*Image-caption web data*:
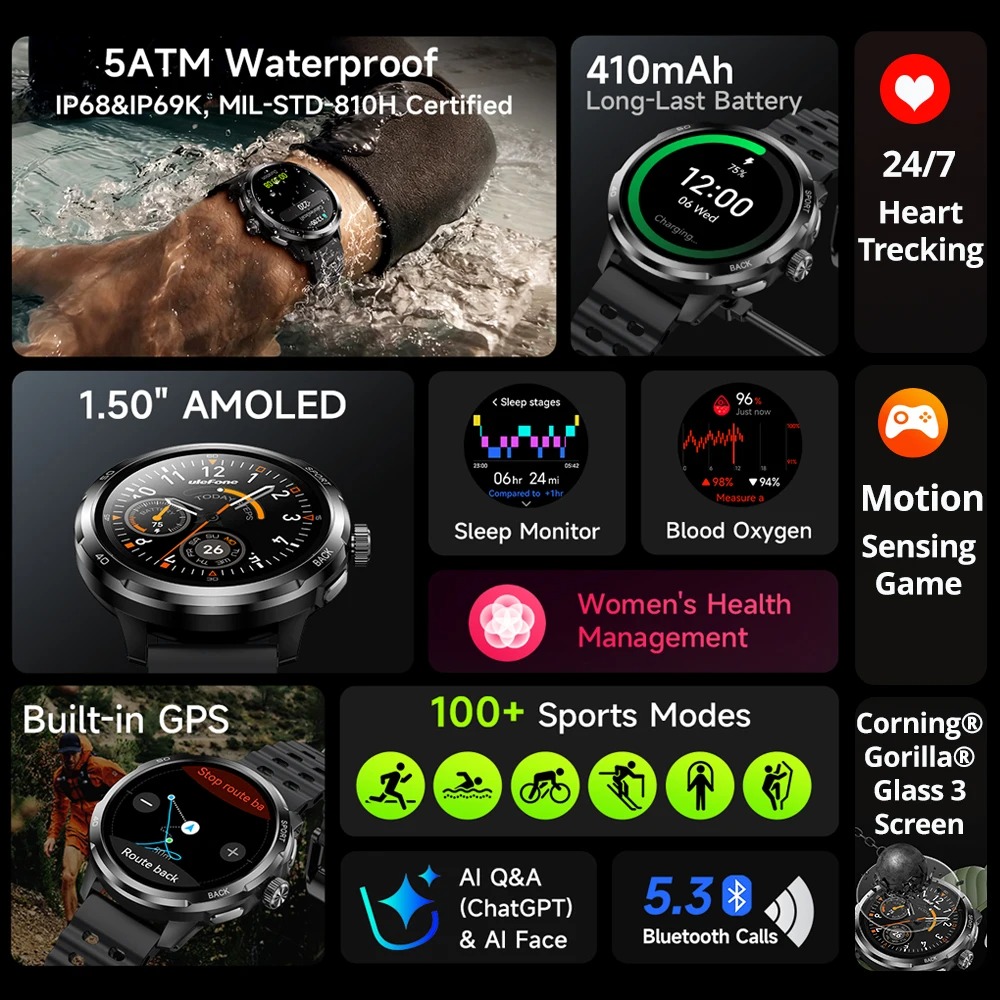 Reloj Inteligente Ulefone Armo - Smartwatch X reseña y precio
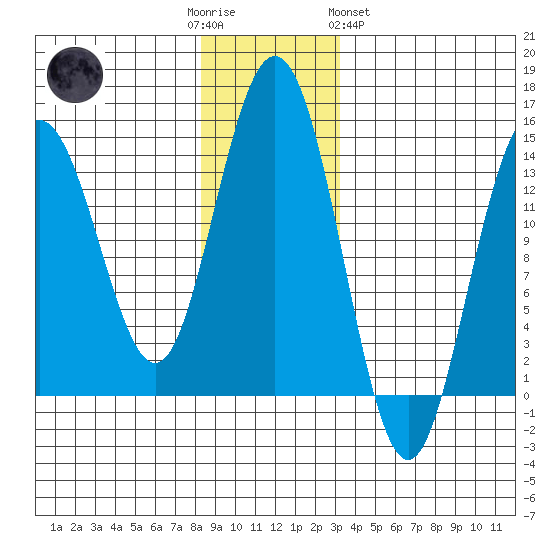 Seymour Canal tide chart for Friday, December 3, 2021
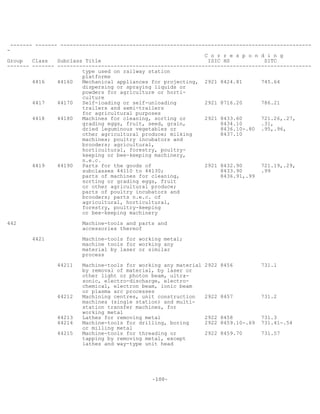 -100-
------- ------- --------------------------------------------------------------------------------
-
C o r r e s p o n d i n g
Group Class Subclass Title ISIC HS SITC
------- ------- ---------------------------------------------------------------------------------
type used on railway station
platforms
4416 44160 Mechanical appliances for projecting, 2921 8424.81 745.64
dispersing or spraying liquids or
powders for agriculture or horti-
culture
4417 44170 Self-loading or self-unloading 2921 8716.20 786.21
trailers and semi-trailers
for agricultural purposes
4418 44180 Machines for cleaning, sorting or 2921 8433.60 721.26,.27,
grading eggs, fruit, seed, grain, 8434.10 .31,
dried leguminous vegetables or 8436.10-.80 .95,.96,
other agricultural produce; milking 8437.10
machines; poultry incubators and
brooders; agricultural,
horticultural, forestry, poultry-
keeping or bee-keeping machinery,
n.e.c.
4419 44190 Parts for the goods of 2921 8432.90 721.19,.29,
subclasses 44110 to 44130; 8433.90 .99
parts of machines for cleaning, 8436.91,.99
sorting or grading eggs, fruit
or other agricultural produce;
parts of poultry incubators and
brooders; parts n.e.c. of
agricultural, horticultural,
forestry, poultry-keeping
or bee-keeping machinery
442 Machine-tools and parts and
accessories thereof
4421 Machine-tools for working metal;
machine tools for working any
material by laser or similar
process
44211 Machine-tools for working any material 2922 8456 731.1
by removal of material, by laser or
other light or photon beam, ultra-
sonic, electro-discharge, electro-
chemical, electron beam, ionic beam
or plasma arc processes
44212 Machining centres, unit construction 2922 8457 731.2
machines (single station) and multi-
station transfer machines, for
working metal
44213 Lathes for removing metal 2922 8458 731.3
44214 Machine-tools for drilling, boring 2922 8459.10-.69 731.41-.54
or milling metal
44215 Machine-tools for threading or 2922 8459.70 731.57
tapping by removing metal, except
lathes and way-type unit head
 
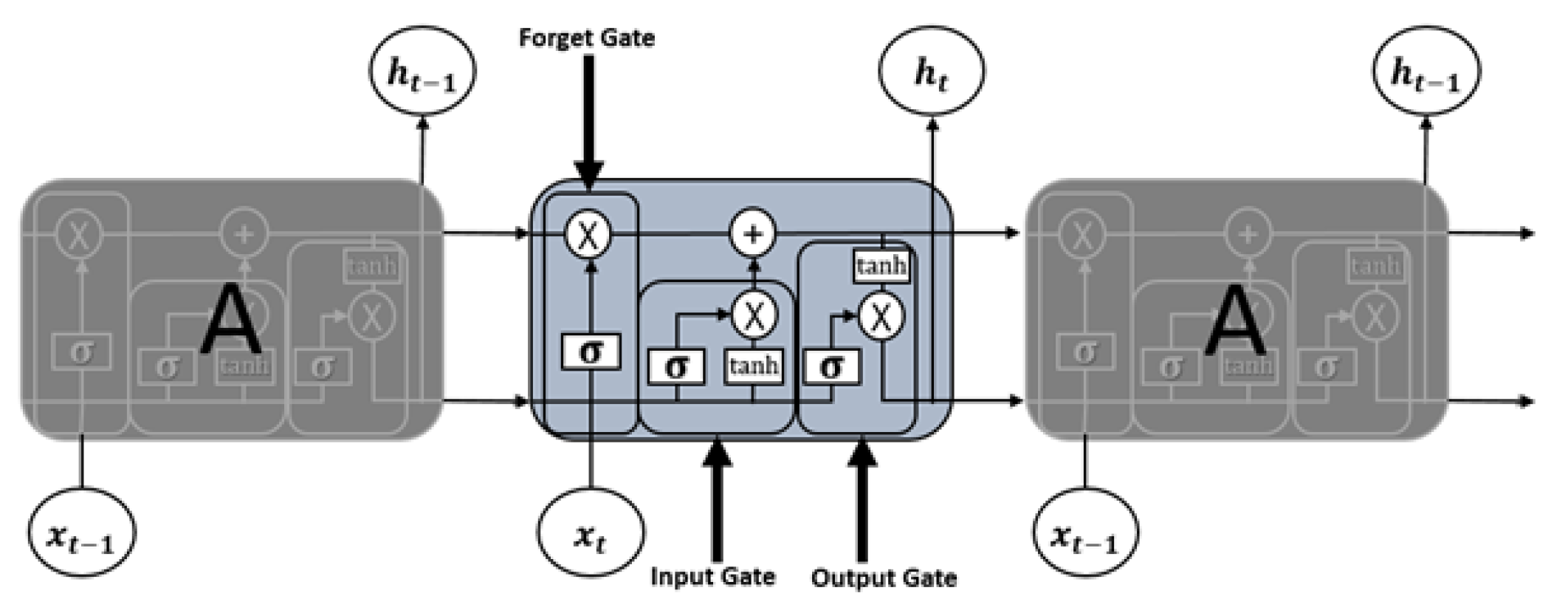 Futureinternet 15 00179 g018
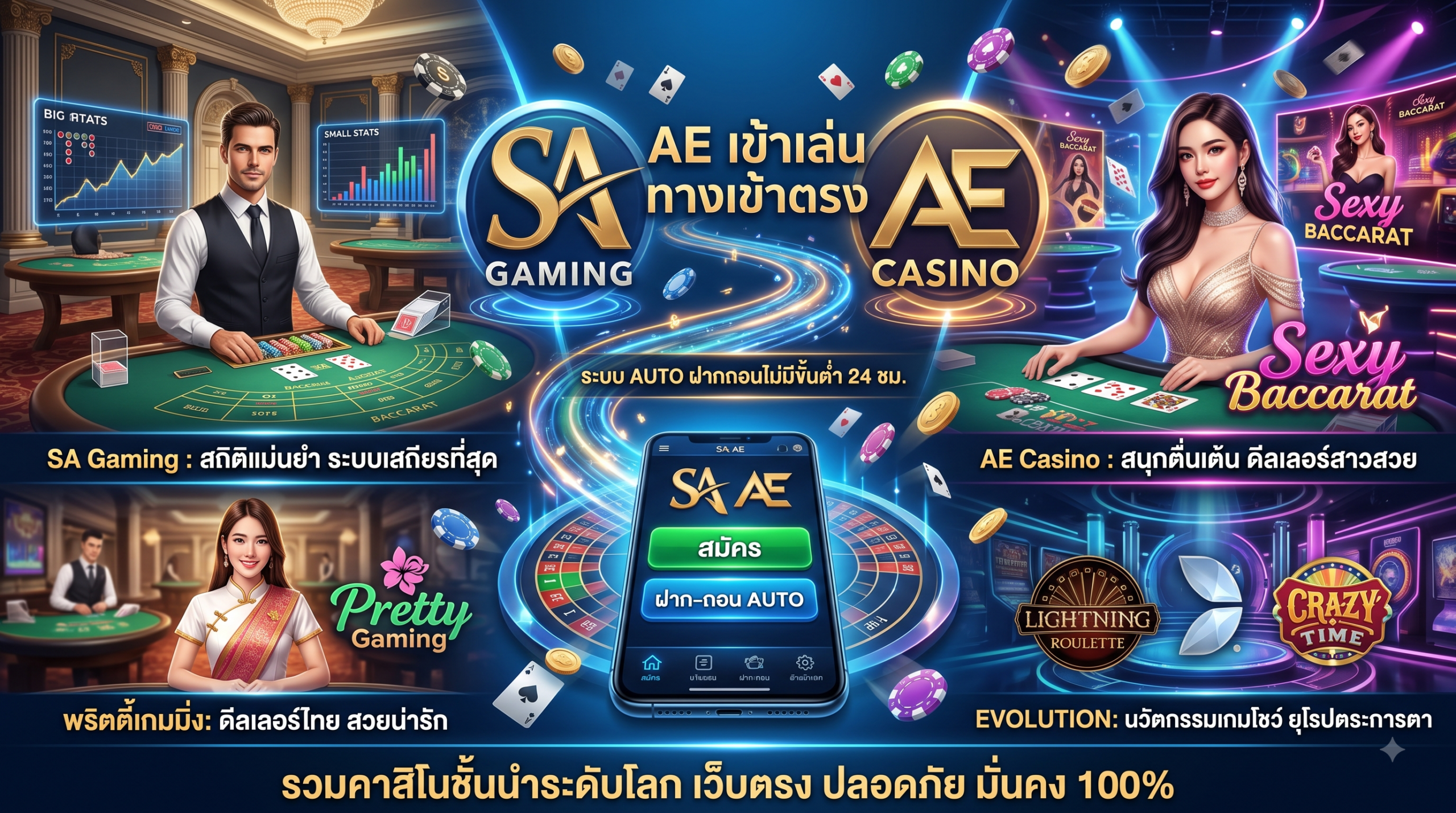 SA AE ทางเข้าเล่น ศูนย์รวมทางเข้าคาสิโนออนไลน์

*What you have to do*: Omitting the pictures, copy each record above exactly as it stands.

*Response area*:
 Reloj Inteligente Ulefone Armo - Smartwatch X reseña y precio
 Seymour Canal tide chart for Friday, December 3, 2021
 -100-
------- ------- --------------------------------------------------------------------------------
-
C o r r e s p o n d i n g
Group Class Subclass Title ISIC HS SITC
------- ------- ---------------------------------------------------------------------------------
type used on railway station
platforms
4416 44160 Mechanical appliances for projecting, 2921 8424.81 745.64
dispersing or spraying liquids or
powders for agriculture or horti-
culture
4417 44170 Self-loading or self-unloading 2921 8716.20 786.21
trailers and semi-trailers
for agricultural purposes
4418 44180 Machines for cleaning, sorting or 2921 8433.60 721.26,.27,
grading eggs, fruit, seed, grain, 8434.10 .31,
dried leguminous vegetables or 8436.10-.80 .95,.96,
other agricultural produce; milking 8437.10
machines; poultry incubators and
brooders; agricultural,
horticultural, forestry, poultry-
keeping or bee-keeping machinery,
n.e.c.
4419 44190 Parts for the goods of 2921 8432.90 721.19,.29,
subclasses 44110 to 44130; 8433.90 .99
parts of machines for cleaning, 8436.91,.99
sorting or grading eggs, fruit
or other agricultural produce;
parts of poultry incubators and
brooders; parts n.e.c. of
agricultural, horticultural,
forestry, poultry-keeping
or bee-keeping machinery
442 Machine-tools and parts and
accessories thereof
4421 Machine-tools for working metal;
machine tools for working any
material by laser or similar
process
44211 Machine-tools for working any material 2922 8456 731.1
by removal of material, by laser or
other light or photon beam, ultra-
sonic, electro-discharge, electro-
chemical, electron beam, ionic beam
or plasma arc processes
44212 Machining centres, unit construction 2922 8457 731.2
machines (single station) and multi-
station transfer machines, for
working metal
44213 Lathes for removing metal 2922 8458 731.3
44214 Machine-tools for drilling, boring 2922 8459.10-.69 731.41-.54
or milling metal
44215 Machine-tools for threading or 2922 8459.70 731.57
tapping by removing metal, except
lathes and way-type unit head
 
 Futureinternet 15 00179 g018
 SA AE ทางเข้าเล่น ศูนย์รวมทางเข้าคาสิโนออนไลน์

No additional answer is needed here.